Introduction

It is nowadays clear that ESG issues concern most of the business choices in a transversal way to all sectors of activity, and there is no doubt that the Oil and Gas sector is the most impacted one by the need for an unavoidable energy transition towards the production of clean energy, which has to be in line with the objectives of containing greenhouse gas emissions (GHG).

The Oil and Gas industry has, as it is well known, peculiar aspects, such as: (a) It operates on natural resources with high environmental impacts and risks; (b) It has an international dimension; (c) It is strongly influenced by geopolitical factors; (d) It has a high technological content and it requires high investments; (e) It has a long-term production cycle (even over 30 years) and (f) It is influenced by the performance of financial markets and commodities.

Therefore, for oil companies, especially the larger ones, the transformation from Big Oil to Big Energy represents a complex, sensitive and long-term process, with choices on sustainable investments to be planned considering their own economic and financial balance. Investors have to monitor this process very carefully, balancing short-term performance expectations with the goal of ensuring a growth in value over time to their assets (Filippetti, 2019; Tamburi Investment Partners, 2017). Which is to say, in the Oil and Gas sector—and especially in the Upstream sector—ESG-oriented policies and investments.

For these reasons, this chapter empirically explores Oil and Gas sector, trying to investigate the effect of ESG Scores on (1) Cost of equity (COE) and (2) Firm’s profitability (FP) for a sample of 182 operating global companies belonging to this industry between 2002 and 2018.

As we already know, the ESG Scores are synthetic indicators which are based respectively on environmental, social and governance aspects and practices which influence and shape the behaviour of firms.

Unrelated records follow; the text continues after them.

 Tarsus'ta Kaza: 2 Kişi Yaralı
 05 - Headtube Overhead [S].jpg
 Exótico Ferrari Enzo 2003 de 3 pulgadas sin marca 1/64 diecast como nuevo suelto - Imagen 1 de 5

Although corporate finance has historically researched about the determinants of stock returns and modelling future yields, recently corporate governance has focussed its attention on measuring the impact of non-financial information on listed companies’ financial performance. This field of study has become more relevant over time due to the increasing attention of investors.

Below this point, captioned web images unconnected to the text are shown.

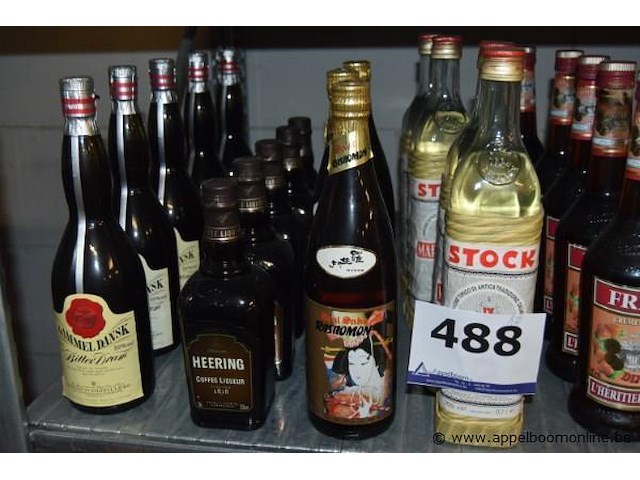 17x fles diverse alcoholische dranken, o.a. gammel dansk bitter dram, heering coffee liqueur, rashomon sake, stock, frangelico, 70cl/720ml - afbeelding 1 van  3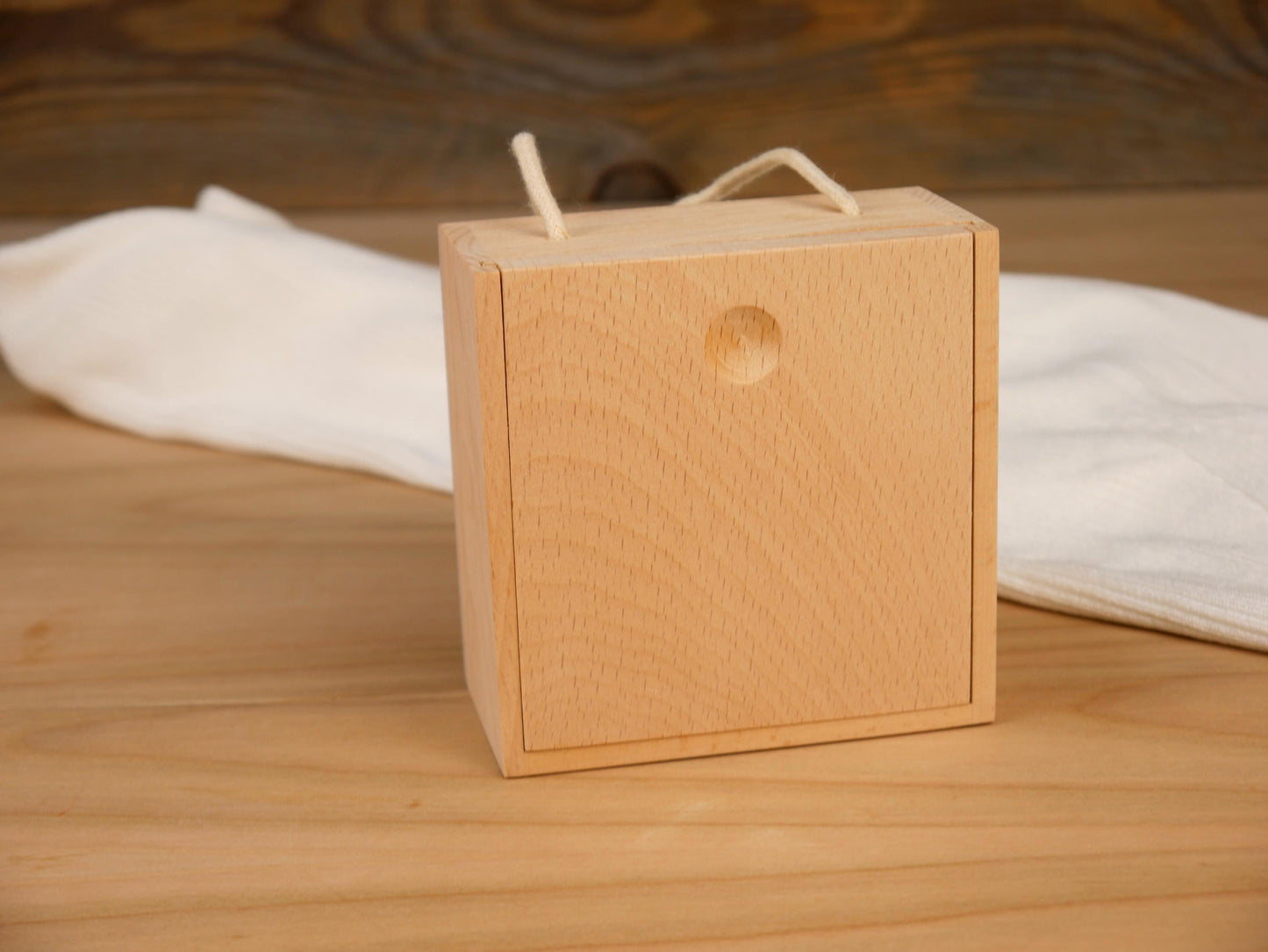 Schutzengel in personalisierter Holzbox - Symbol Taube - Engel - Geschenk zur Taufe, Geburt, Geburtstag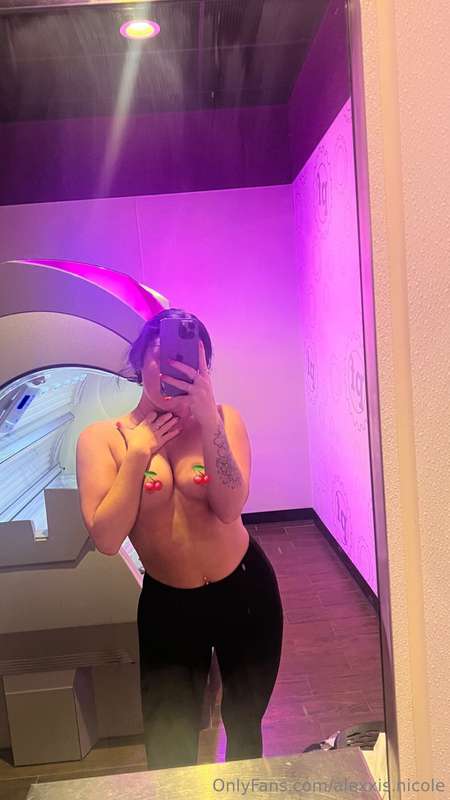 feelin HOT🌶🥵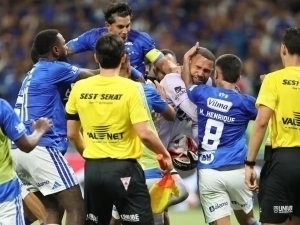 Futbolda katta janjal: hakam 23 futbolchiga qizil kartochka ko‘rsatdi (video)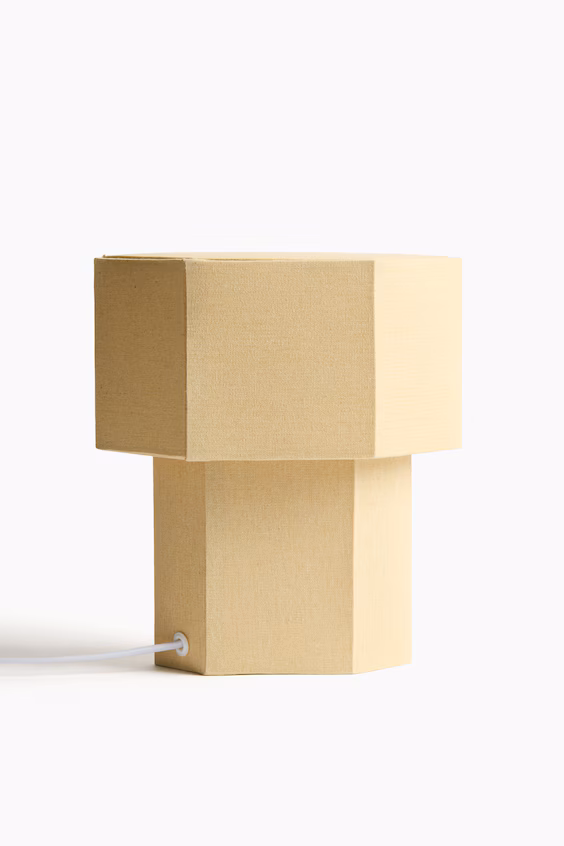 Гексагональная настольная лампа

In fact, a large growing literature is nowadays investigating to what extent sustainable strategies affect both firm’s performance and value.Footnote 1 Needless to say, the challenge is to verify whether considering sustainability, environmental and social issues also payoffs in terms of performance and added value to the firm.

Very briefly, there is a recently blossoming literature on both theoretical and empirical evidences related to Sustainability Performance and the Cost of Equity (El Ghoul et al., 2018; Sharfman & Fernando, 2008; Suto & Takehara, 2017). Whether it is reasonable to say that ESG strategies of firms do contribute to the establishment of a more sustainable business context as envisioned in Waddock (2017), there are substantial doubts about the role of ESG in shaping both profitability and firm value (Dowell et al., 2000; Hart & Ahuja, 1996; Konar & Cohen, 2001; Lee et al., 2018). Some of the recent studies supporting the argument that a better Sustainability Performance generates a reduction in the Cost of Equity (Dhaliwal et al., 2014; Gupta, 2018; Matthiesen & Salzmann, 2017).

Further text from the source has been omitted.